In further developing the Daniels-verse, Andrews adds an intriguing eco-metaphor that involves using magic to claim land. This dynamic exerts a profound effect on Kate’s personal journey, and also comments on the reprehensible methods used by Europeans to “conquer” America. Our lousy behavior, it turns out, has rendered American soil uniquely vulnerable to being “claimed” by a powerful magician:
Each land has a people…Those who settle on it, those who are born and die on it, their bloodlines bonded to it for generations. Their bodies are buried within the soil, nourishing it. Their magic becomes rooted in it and grows from the land like a forest…Think of it [claiming] like farming…Before a farmer can use the land, he must clear the trees, remove their roots, dig out the boulders, and pull out the weeds. Very hard to do if the forest is old and strong and the trees have been growing for thousands of years…But here, we’ve done the farmer’s job for him. We killed the Native people of this land. There is no forest anymore. There are just saplings, families of settlers and immigrants, the oldest from the seventeenth century, but most even younger. Their bond to the land is weak. What you do to others always comes back to you and the balance is always restored. We committed genocide. We destroyed a people and now we have to pay the price for the terrible crimes we perpetrated. The land lies fallow without defenses. (107)

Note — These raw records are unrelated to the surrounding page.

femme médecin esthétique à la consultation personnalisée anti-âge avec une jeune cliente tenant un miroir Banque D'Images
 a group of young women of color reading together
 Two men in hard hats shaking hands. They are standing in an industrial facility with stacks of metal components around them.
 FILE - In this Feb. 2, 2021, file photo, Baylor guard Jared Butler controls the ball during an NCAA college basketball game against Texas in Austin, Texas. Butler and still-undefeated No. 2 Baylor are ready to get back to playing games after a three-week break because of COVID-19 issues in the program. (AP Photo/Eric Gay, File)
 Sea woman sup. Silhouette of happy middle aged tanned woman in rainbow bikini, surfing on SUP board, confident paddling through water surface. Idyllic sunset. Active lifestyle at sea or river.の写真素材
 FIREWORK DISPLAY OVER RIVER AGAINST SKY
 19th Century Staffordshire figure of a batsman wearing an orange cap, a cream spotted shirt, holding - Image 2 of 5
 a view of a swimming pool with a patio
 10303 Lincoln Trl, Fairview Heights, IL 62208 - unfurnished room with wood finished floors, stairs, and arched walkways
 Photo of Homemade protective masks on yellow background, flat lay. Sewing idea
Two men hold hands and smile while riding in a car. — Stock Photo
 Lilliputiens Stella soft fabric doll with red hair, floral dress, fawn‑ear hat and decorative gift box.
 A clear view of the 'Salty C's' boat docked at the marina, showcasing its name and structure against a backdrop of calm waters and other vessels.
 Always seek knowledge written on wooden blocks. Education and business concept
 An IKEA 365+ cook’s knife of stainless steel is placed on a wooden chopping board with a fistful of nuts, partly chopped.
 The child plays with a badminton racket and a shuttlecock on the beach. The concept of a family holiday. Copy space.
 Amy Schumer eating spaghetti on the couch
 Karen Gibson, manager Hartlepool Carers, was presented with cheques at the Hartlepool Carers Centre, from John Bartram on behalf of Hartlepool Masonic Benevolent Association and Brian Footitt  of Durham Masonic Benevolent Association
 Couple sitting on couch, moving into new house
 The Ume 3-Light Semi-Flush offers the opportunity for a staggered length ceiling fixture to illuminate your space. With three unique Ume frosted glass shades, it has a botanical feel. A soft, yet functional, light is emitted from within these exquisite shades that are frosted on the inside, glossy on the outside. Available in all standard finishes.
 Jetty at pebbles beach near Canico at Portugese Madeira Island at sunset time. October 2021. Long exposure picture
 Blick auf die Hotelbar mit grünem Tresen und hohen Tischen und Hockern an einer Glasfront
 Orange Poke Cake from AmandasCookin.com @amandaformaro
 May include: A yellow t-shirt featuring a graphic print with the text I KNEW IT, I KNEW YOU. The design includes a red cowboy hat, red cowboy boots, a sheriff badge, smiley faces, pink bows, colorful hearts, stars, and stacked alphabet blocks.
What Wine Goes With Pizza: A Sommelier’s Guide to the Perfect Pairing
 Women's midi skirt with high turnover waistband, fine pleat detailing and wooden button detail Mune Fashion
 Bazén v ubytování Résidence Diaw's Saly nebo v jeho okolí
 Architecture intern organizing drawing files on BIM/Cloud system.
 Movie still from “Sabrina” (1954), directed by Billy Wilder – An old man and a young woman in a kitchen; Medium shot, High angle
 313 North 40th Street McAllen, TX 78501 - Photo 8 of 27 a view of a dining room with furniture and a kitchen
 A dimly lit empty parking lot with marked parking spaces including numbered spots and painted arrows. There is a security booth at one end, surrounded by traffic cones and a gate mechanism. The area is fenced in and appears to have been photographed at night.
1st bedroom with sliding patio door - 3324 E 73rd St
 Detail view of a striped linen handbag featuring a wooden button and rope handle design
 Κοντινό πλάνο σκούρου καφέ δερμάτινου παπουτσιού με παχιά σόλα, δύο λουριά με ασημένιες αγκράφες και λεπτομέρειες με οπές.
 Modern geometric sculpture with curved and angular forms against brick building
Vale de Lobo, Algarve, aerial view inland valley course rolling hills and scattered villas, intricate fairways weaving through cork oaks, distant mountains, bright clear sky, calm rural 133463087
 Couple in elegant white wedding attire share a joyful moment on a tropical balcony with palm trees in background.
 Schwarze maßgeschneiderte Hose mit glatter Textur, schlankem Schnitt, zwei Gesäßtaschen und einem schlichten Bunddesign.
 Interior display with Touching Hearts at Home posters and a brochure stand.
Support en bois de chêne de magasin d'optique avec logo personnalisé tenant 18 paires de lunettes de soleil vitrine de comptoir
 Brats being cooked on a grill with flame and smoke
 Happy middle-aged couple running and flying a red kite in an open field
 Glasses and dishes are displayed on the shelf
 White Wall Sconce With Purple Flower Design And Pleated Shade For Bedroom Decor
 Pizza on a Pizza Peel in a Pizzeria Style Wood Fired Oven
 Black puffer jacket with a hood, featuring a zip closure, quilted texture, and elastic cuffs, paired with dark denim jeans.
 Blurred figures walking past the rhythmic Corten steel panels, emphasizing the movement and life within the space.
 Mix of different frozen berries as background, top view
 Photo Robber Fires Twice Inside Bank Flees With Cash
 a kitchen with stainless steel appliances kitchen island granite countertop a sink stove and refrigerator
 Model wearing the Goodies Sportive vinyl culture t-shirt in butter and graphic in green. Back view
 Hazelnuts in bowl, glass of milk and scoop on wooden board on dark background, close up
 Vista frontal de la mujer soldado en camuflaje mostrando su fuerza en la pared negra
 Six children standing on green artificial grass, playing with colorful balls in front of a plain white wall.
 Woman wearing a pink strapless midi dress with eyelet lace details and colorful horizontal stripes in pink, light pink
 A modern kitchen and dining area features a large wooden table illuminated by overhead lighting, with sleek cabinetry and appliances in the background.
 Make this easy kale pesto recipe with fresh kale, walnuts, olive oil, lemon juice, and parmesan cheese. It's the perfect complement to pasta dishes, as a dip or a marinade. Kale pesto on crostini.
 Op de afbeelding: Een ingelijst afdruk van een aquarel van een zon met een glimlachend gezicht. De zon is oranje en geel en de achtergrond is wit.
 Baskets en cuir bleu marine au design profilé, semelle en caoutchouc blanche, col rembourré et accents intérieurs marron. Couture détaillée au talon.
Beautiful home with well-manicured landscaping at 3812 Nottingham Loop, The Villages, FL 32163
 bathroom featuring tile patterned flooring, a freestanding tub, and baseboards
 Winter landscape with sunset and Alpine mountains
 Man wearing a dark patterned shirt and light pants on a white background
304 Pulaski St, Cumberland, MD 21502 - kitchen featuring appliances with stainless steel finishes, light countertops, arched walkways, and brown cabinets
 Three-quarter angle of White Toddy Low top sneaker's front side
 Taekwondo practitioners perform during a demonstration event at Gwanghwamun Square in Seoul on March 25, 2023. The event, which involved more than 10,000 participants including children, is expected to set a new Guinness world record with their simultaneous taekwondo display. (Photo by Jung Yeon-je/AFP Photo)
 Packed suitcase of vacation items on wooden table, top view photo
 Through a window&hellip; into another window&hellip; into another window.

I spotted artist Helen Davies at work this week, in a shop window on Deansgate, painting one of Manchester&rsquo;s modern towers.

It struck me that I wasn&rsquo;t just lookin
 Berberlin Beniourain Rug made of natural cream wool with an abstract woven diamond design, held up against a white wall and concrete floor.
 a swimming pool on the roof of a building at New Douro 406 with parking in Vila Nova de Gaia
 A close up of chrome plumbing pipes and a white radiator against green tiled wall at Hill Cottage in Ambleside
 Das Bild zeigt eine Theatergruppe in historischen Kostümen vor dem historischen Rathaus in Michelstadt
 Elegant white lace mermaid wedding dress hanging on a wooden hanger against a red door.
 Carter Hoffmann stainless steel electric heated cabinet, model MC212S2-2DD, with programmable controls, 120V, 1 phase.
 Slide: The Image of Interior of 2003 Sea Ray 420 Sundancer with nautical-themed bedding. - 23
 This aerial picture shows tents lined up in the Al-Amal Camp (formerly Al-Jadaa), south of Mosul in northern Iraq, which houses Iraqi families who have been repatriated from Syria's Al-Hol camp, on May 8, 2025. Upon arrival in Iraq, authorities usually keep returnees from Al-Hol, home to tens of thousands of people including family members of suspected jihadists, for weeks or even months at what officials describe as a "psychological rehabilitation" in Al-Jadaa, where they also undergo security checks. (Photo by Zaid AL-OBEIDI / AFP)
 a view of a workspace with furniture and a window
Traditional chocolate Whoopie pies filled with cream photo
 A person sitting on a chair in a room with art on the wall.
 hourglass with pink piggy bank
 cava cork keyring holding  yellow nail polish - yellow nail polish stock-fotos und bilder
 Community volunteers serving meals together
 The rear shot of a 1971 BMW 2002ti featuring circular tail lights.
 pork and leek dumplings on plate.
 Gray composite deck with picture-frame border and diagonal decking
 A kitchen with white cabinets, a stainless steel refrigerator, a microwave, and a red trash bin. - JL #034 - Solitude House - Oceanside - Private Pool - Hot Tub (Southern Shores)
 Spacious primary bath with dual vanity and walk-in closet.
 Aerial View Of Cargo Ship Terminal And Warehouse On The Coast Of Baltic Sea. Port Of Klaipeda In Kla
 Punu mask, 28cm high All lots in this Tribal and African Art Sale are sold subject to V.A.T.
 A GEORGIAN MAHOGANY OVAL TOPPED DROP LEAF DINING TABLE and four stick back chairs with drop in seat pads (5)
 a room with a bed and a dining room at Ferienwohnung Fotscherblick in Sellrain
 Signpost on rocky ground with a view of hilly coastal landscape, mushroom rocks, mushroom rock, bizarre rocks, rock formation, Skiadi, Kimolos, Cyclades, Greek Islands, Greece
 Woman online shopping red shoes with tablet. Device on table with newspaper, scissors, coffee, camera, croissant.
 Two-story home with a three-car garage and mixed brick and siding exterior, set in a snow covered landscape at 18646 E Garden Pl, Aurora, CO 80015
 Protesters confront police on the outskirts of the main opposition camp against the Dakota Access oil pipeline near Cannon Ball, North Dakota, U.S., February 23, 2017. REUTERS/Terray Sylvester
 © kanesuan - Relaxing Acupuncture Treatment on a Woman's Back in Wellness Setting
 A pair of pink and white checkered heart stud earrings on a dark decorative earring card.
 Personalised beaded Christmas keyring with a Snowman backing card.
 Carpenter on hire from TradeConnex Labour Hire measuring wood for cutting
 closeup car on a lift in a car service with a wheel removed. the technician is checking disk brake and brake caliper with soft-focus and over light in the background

This idea is more than a clever twist on American history; it’s also something of a love letter to the rebirth of localism. Kate and her companions have always had a special affinity for their magic-torn version of Atlanta––a strong sense of place that makes them willing to risk their lives over and over to defend their homeland. Since technology no longer works the way it used to, the need for local products, connections, and geographical knowledge––for real community––suddenly re-emerges from the penumbra of a world where everyone was “connected” but nobody was truly “at home”. I am smitten with this theme and can’t wait to see where it will lead next.
The last thing I want to rave about is Andrews’s decision to conclude this book with a genuinely moving statement about the true purpose of power. The message is clear: if you have worked hard to amass power and yet cannot utilize that power to defend your loved ones, what good is it? Given the embarrassing dearth of “intelligent abdication” narratives in modern media, this is a deeply satisfying breath of fresh air.
When I began this series, I honestly did not expect to get this far, and now find myself rushing through this review so I can crack open Book 8 like some spell-starved mage jonesing for a magic wave. Ilona Andrews has developed something truly special.